■ WHAT IS EXPECTED
Give back an exact copy of the listing that follows, without the pictures.
------------
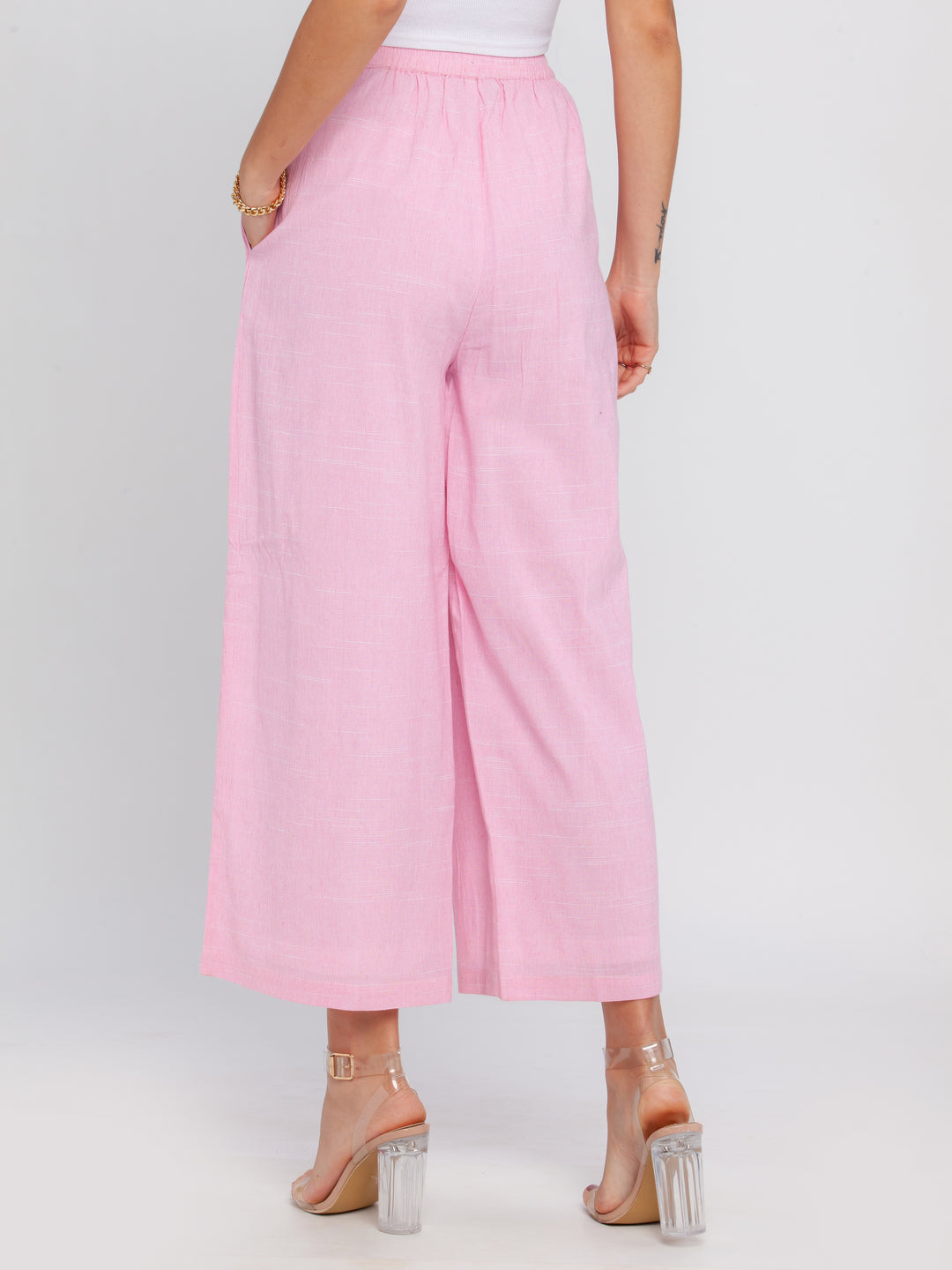 Pink Solid Elasticated Trouser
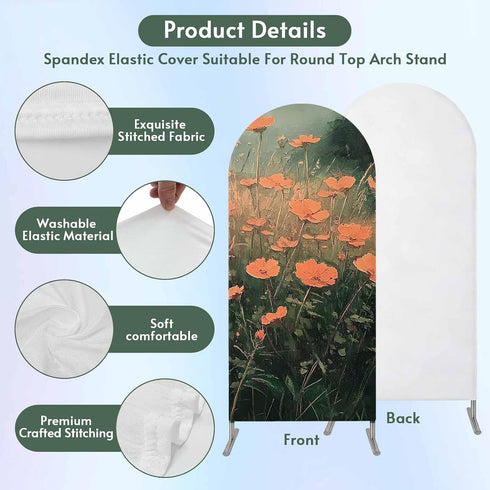 Jnbasdffb 6.6 Red Spring Floral Wedding Arch Cover, Stretchy Spandex Arch Backdrop Stand Covers FT, Modern Oil Painting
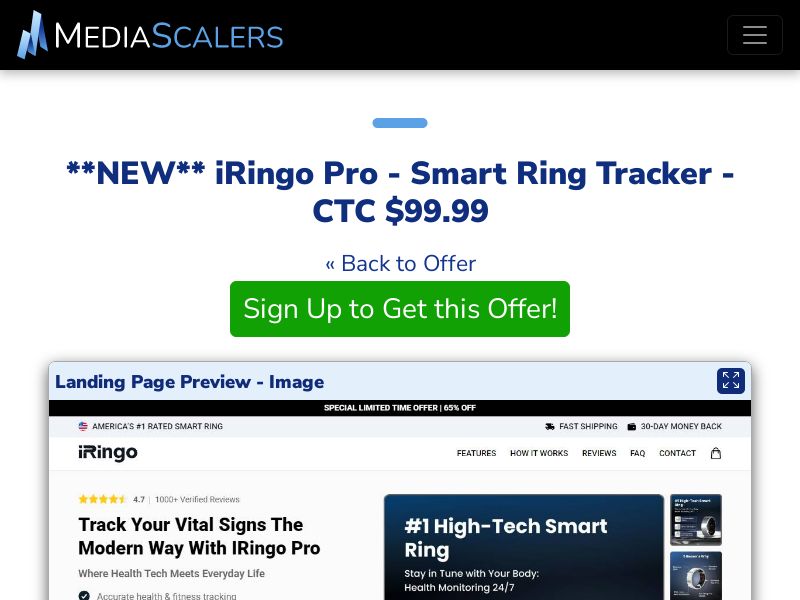 iRingo Pro - Smart Ring Tracker - CTC $99.99 {+Advertorial, DTC, Alt-Landers} (Event Tracking) [US, DE, CA, AU, UK, FR, IL, +232 More]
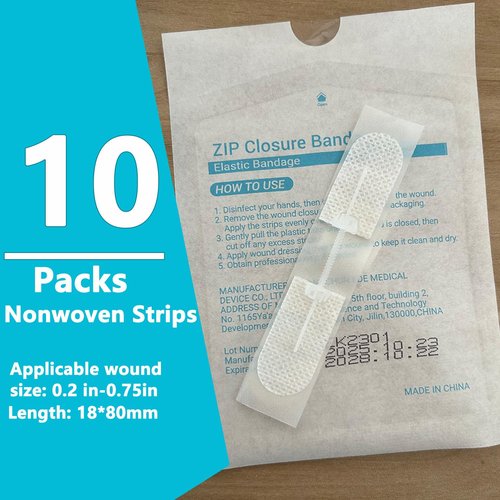 10PCS Wound Closure Strips, Butterfly Bandages Emergency Laceration Closure Kit Repair Wounds Without Stitches, Quick Clot Zip Stitch Wound Closures Device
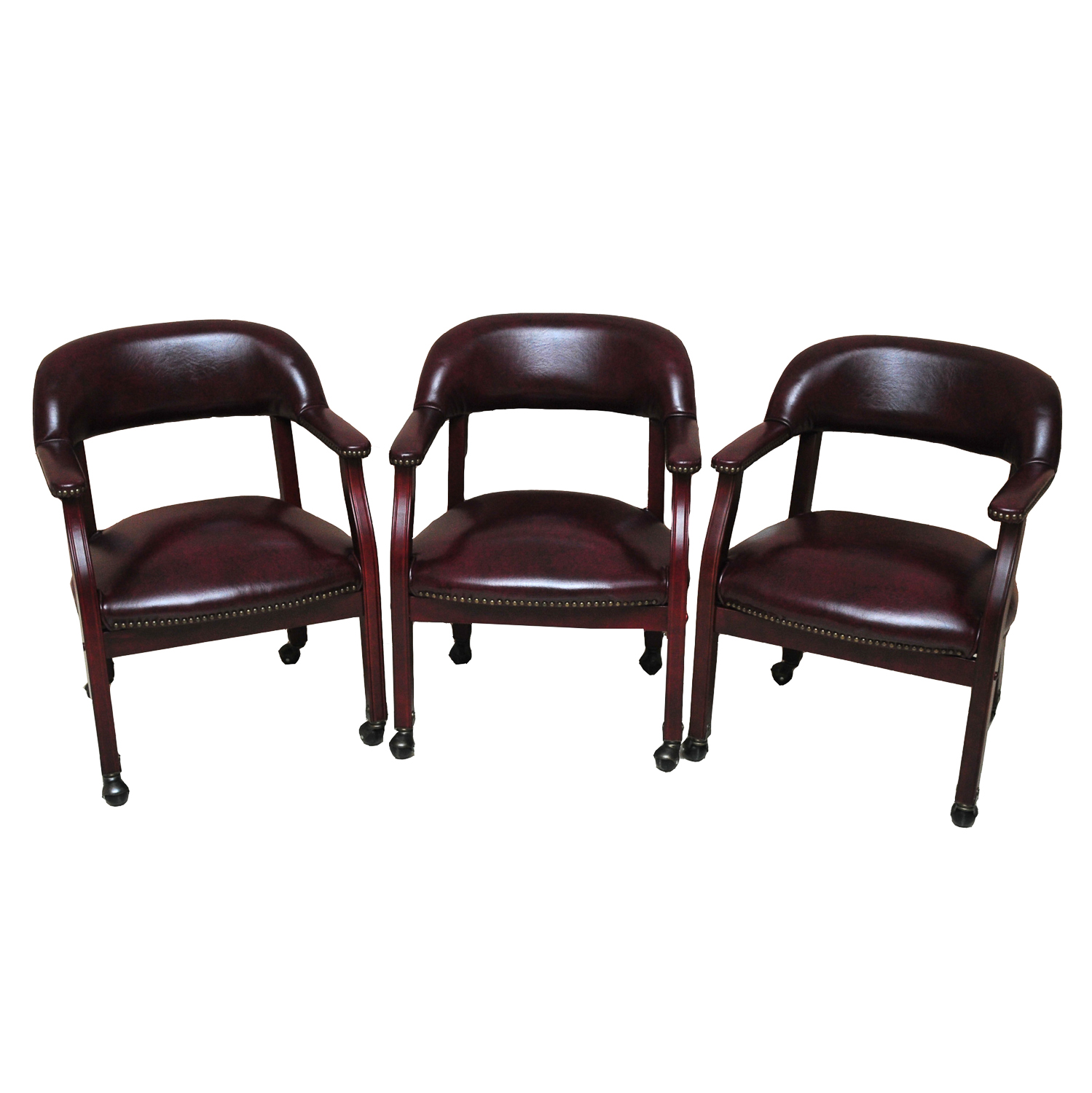 Collection of Three Faux Leather Rolling Arm Chairs EBTH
------------
■ SOLUTION
 Pink Solid Elasticated Trouser
 Jnbasdffb 6.6 Red Spring Floral Wedding Arch Cover, Stretchy Spandex Arch Backdrop Stand Covers FT, Modern Oil Painting
 iRingo Pro - Smart Ring Tracker - CTC $99.99 {+Advertorial, DTC, Alt-Landers} (Event Tracking) [US, DE, CA, AU, UK, FR, IL, +232 More]
 10PCS Wound Closure Strips, Butterfly Bandages Emergency Laceration Closure Kit Repair Wounds Without Stitches, Quick Clot Zip Stitch Wound Closures Device
 Collection of Three Faux Leather Rolling Arm Chairs EBTH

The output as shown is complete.